─── Input for this task

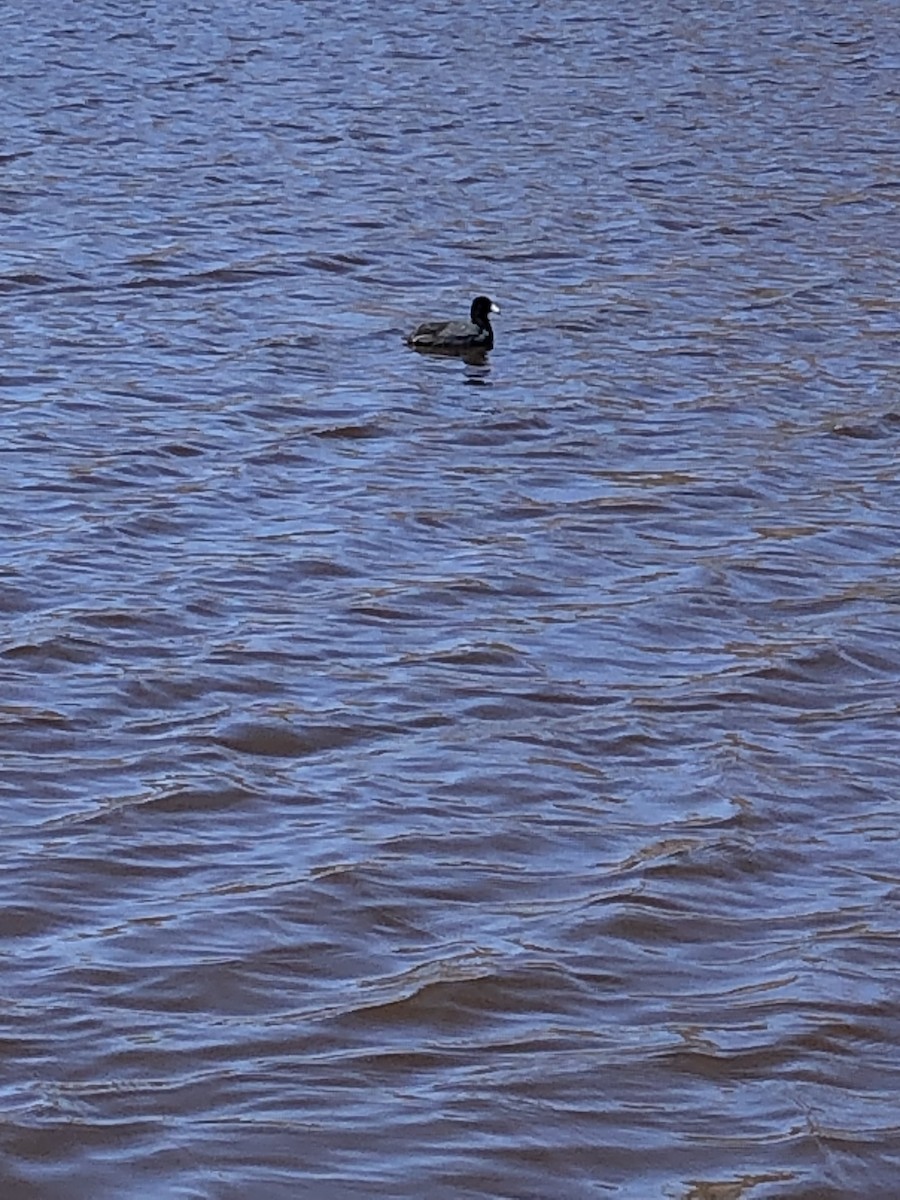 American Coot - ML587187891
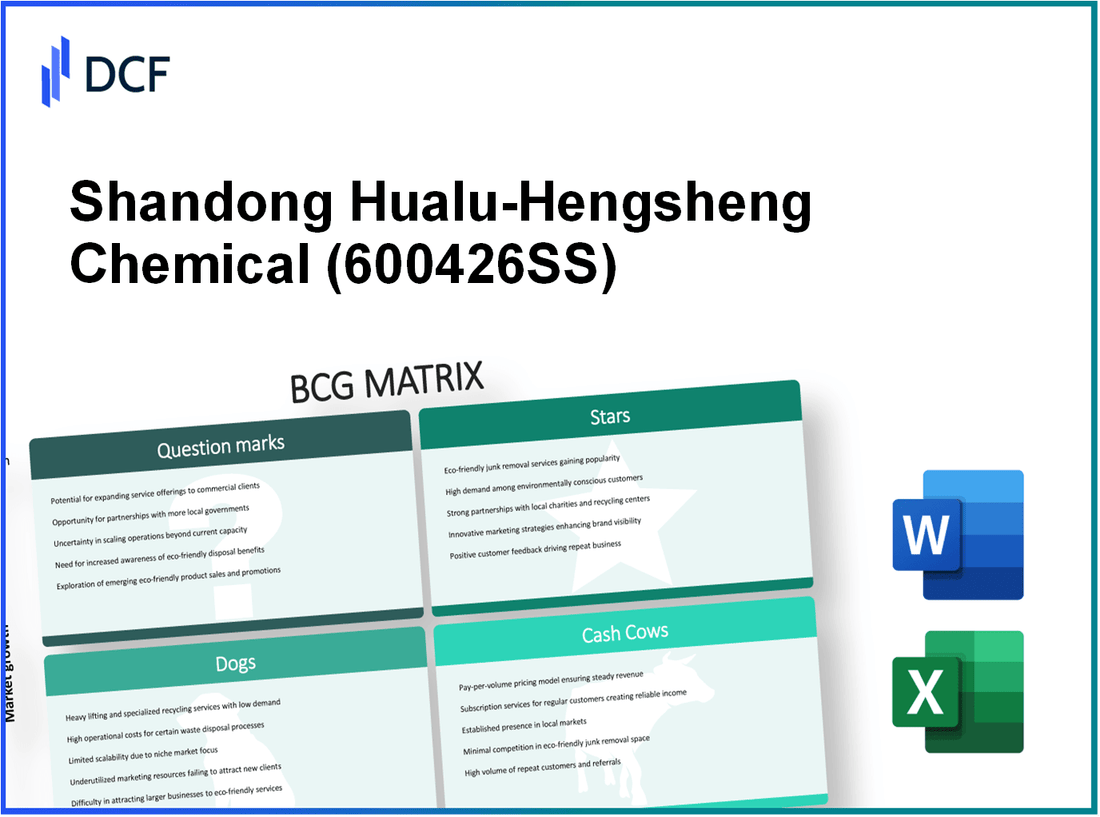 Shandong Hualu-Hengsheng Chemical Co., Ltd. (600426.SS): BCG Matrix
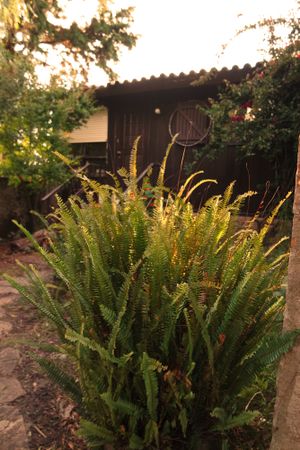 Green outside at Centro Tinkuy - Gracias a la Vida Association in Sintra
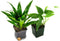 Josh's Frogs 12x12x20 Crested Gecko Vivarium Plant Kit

──────
─── Input for this task

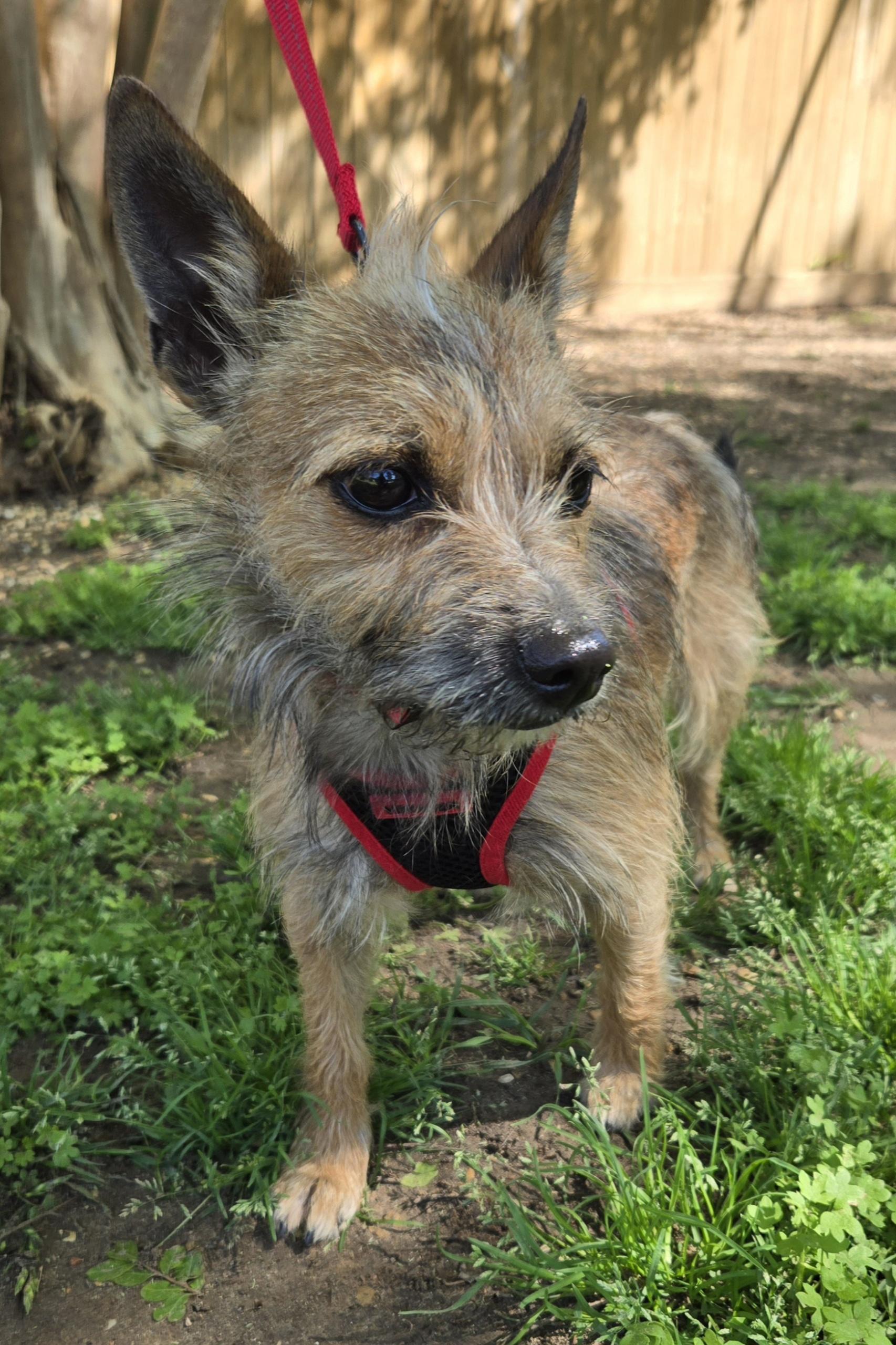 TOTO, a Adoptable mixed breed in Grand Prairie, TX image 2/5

──────

Aim of the task ▸
What belongs in the answer is each line above from the line with "Green outside at" to the line with "Josh's Frogs 12x12x20", inclusive, reproduced exactly and free of pictures.

Answer for this exercise ▸
 Green outside at Centro Tinkuy - Gracias a la Vida Association in Sintra
 Josh's Frogs 12x12x20 Crested Gecko Vivarium Plant Kit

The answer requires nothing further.